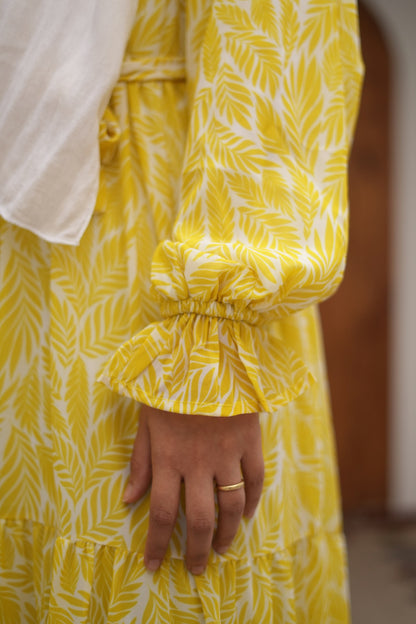 Chiffon Leaves Dress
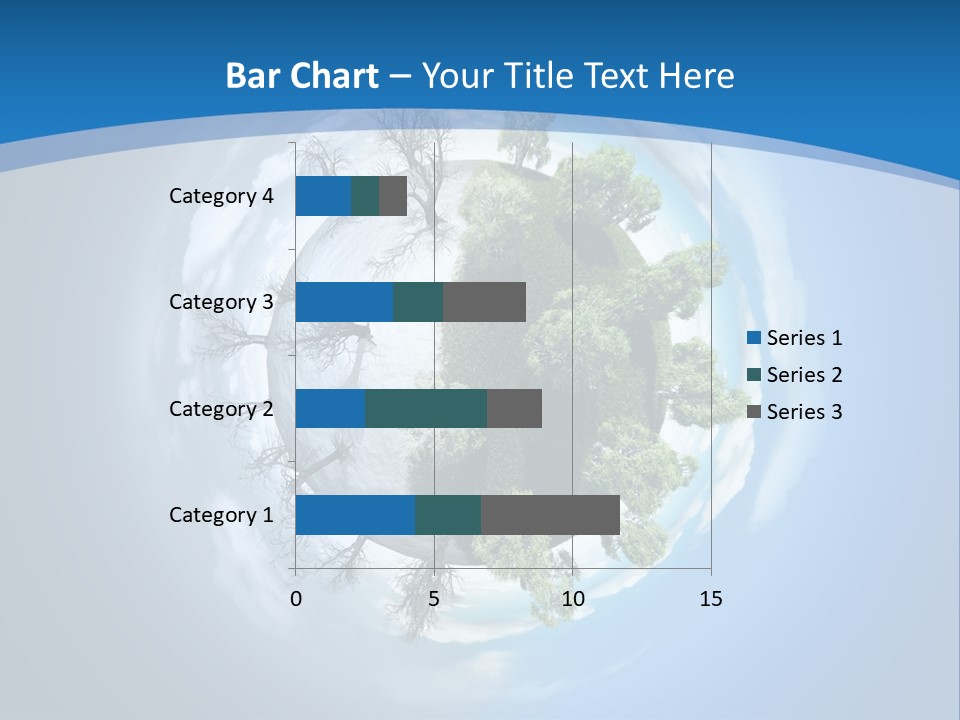 Small Grove Leafless PowerPoint Template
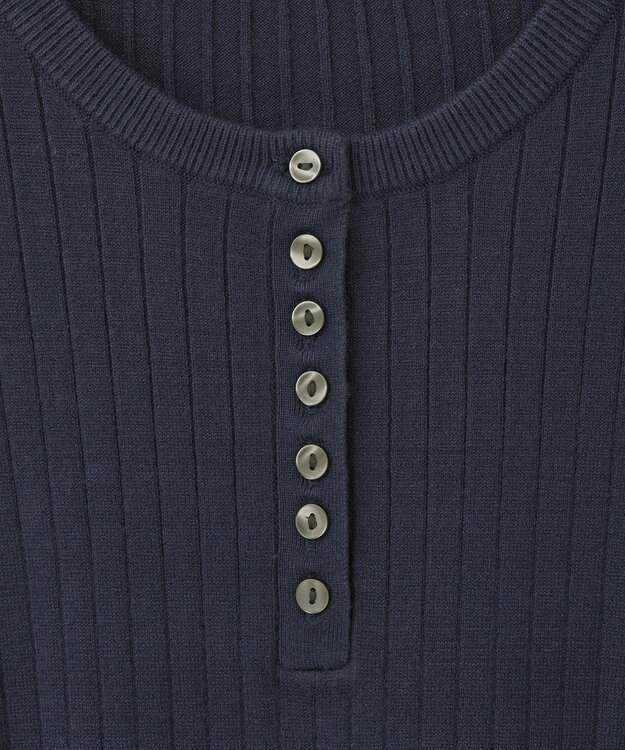 AMERICAN HOLIC バイパチリブヘンリーニットワンピース Navy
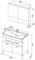 AQUANET Верона NEW 90 Комплект мебели для ванной комнаты (напольный 1 ящик 2 дверцы) - фото 83387
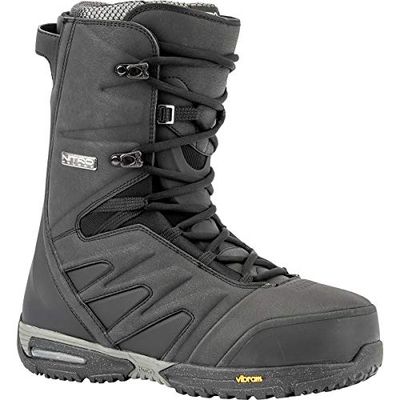 Nitro Snowboards män Select STND '20 All Mountain Freeride Freestyle Premium Lacing Boot Snowboardbåt, svart, 30,5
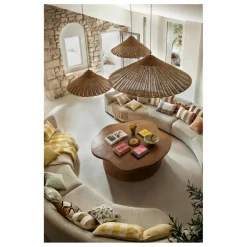 Clearance Housse de coussin vichy en lin Piana II | Coussins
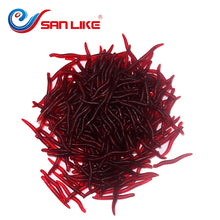 Load image into Gallery viewer, 250pcs/lot 3.5cm soft lure fishing worms sea Red Worms earthworm plastic Bionic lures soft bait worms Lure fishing lure
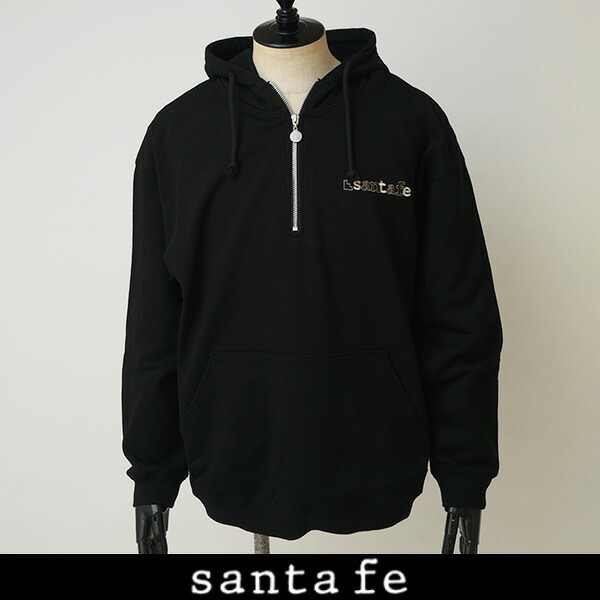 Santafe (サンタフェ)ハーフジップパーカーブラック0290 269 85424 018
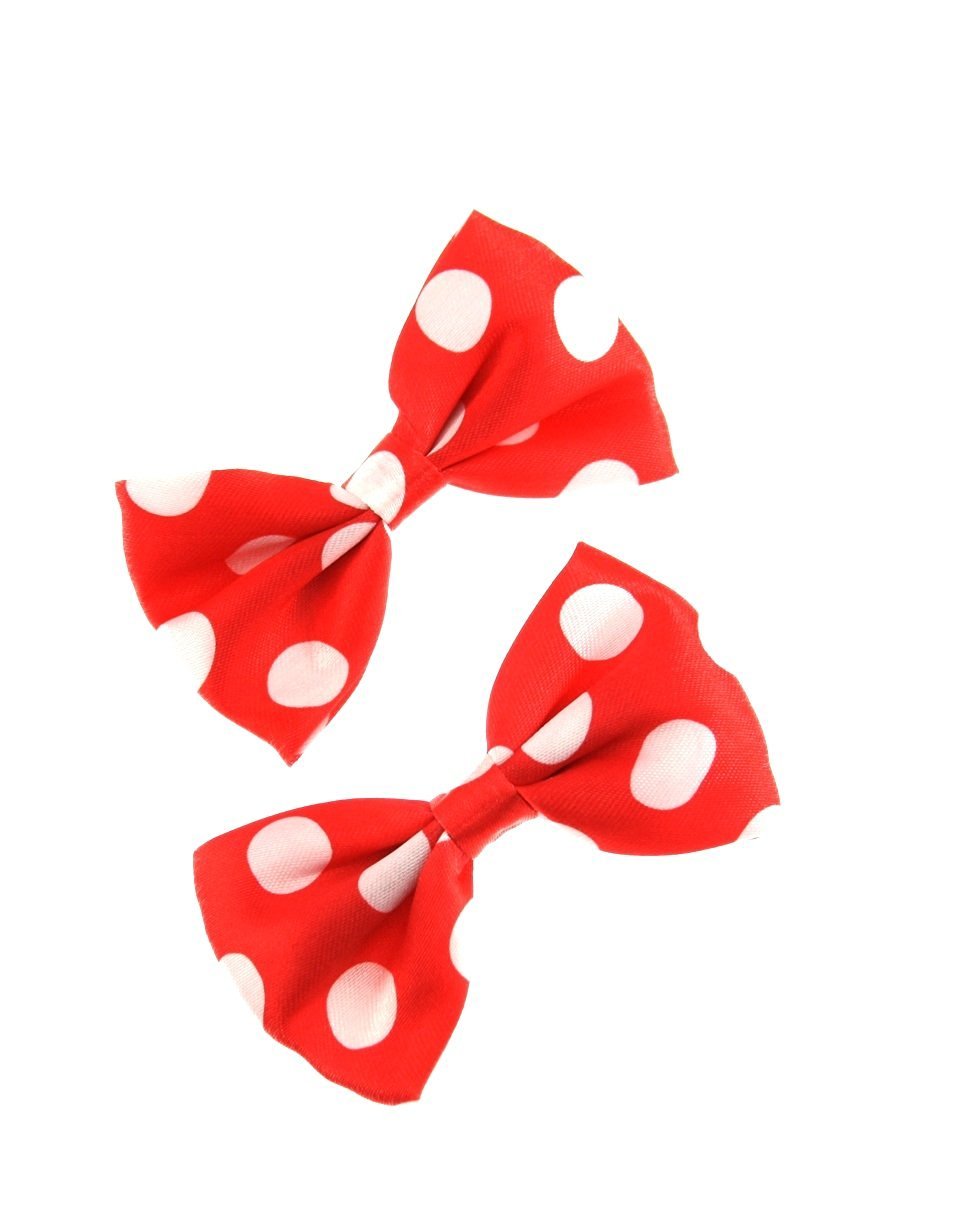 Zac's Alter Ego Small Polka Dot Bow On Crocodile Clip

■ YOUR INSTRUCTIONS: An exact copy of the records above is needed, with the pictures removed.

■ RESPONSE BOX:
 Chiffon Leaves Dress
 Small Grove Leafless PowerPoint Template
 AMERICAN HOLIC バイパチリブヘンリーニットワンピース Navy
 AQUANET Верона NEW 90 Комплект мебели для ванной комнаты (напольный 1 ящик 2 дверцы) - фото 83387
 Nitro Snowboards män Select STND '20 All Mountain Freeride Freestyle Premium Lacing Boot Snowboardbåt, svart, 30,5
 Clearance Housse de coussin vichy en lin Piana II | Coussins
 Load image into Gallery viewer, 250pcs/lot 3.5cm soft lure fishing worms sea Red Worms earthworm plastic Bionic lures soft bait worms Lure fishing lure
 Santafe (サンタフェ)ハーフジップパーカーブラック0290 269 85424 018
 Zac's Alter Ego Small Polka Dot Bow On Crocodile Clip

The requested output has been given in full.